Ø 1 255 créations d’emplois dans l’administration pénitentiaire.

Depuis 2012, notre gouvernement aura créé plus de 4 245 emplois pénitentiaires, dont près de 2 500 emplois de surveillants et 1 150 emplois pour les services d’insertion et de probation.

Imaginez que l’ENAP accueille sur 1 année, 3 promotions de surveillants, quand elle n’en accueillait qu’1 seule, en 2012 !

Le plafond d’emplois de la Direction de l’administration pénitentiaire en 2012 était de 35 511 et en 2017, il sera de 39 207.

Ces recrutements ont été complémentaires d’une revalorisation des personnels :

La réforme statutaire des surveillants : suite au protocole d’accord du 14 mai 2013, les grilles indiciaires de chacun des grades du corps d’encadrement et d’application (CEA) ont été rehaussées.

La mise en œuvre du relevé de conclusions du 14 décembre 2015 avec les organisations syndicales pénitentiaires avec la revalorisation d’un point de la prime de sujétions spéciales des corps en tenue, des personnels administratifs et techniques et des directeurs des services pénitentiaires, ainsi qu’avec la création d’une prime de fidélisation.

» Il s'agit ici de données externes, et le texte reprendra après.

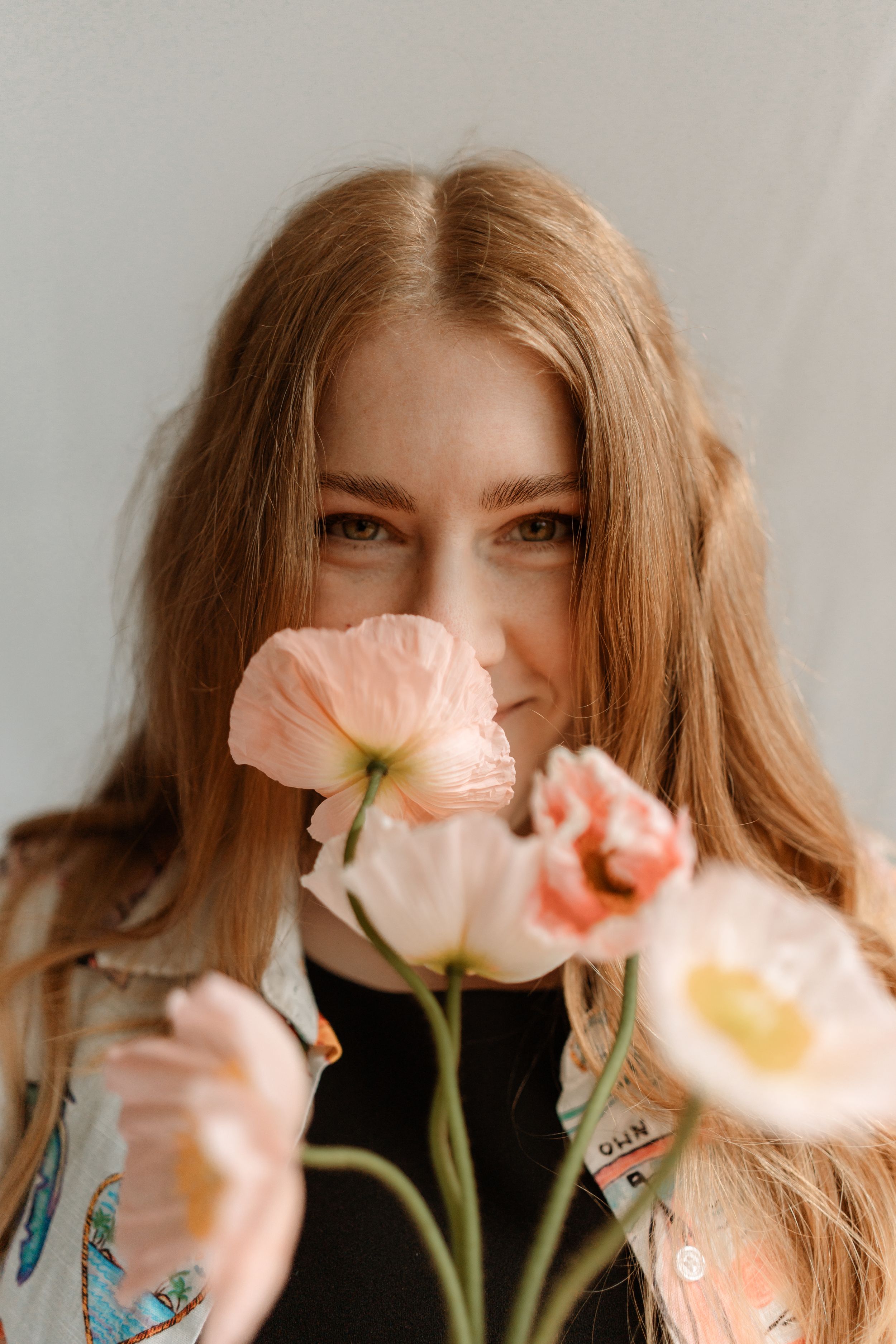 Young woman with long auburn hair holding soft pink poppy flowers close to her face against a light gray background.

La mise en œuvre du relevé de conclusions du 22 juillet 2016 avec la filière insertion probation prévoit : une revalorisation indiciaire, puis l’élaboration d’une grille spécifique et une revalorisation indemnitaire.

Sébastien Huygue avait dédié son rapport du PLF 2014 à la sécurité des établissements.

Chacun pourra constater qu’il s’agit d’un point de vigilance constante, depuis que nous sommes aux responsabilités.

Nous avons, en effet, année après année dédié des financements à la sécurisation :

·      30 millions d’euros en 2013

·      17 M€ en 2015

·      30 M€ en 2016

.      40 M€ en 2017

Ces moyens permettront d’amplifier les travaux de déploiement de vidéosurveillance et la sécurisation des abords des établissements.

Ø 150 millions d’euros d’investissement pour la maintenance et à la rénovation des bâtiments.

Ø L’Administration pénitentiaire voit son budget de fonctionnement progresser de 59 millions d’euros

 

Adapter la Justice aux nouveaux enjeux, c’est aussi lui faire prendre le tournant du numérique.

 

 

3)  Une Justice qui prend le tournant du numérique

Concrètement, nous allons dédier 121 millions d’euros à l’informatique (+7%).

Nous avions déjà débloqué 21 M€ sur le dégel.

Cela financera surtout l’équipement courant, mais aussi un grand projet « Justice.fr », site d’information du justiciable ouvert au printemps dernier.

Concernant les moyens matériels, j’ai pris la décision :

·      d’accentuer l’attribution d’outils informatiques (plus de 500 tablettes et près de 4 000 ordinateurs ultra portables)

·      de lancer le développement de différents outils informatiques, dont certains dédiés aux fonctions du parquet (exemple : Logiciel Métier Parquet).

 

 Conclusion : Une institution renforcée

 

Nous pouvons être fiers d’avoir tout fait, depuis 2012, pour donner à la Justice les moyens d’agir.

Cela contribue à en faire une institution indépendante.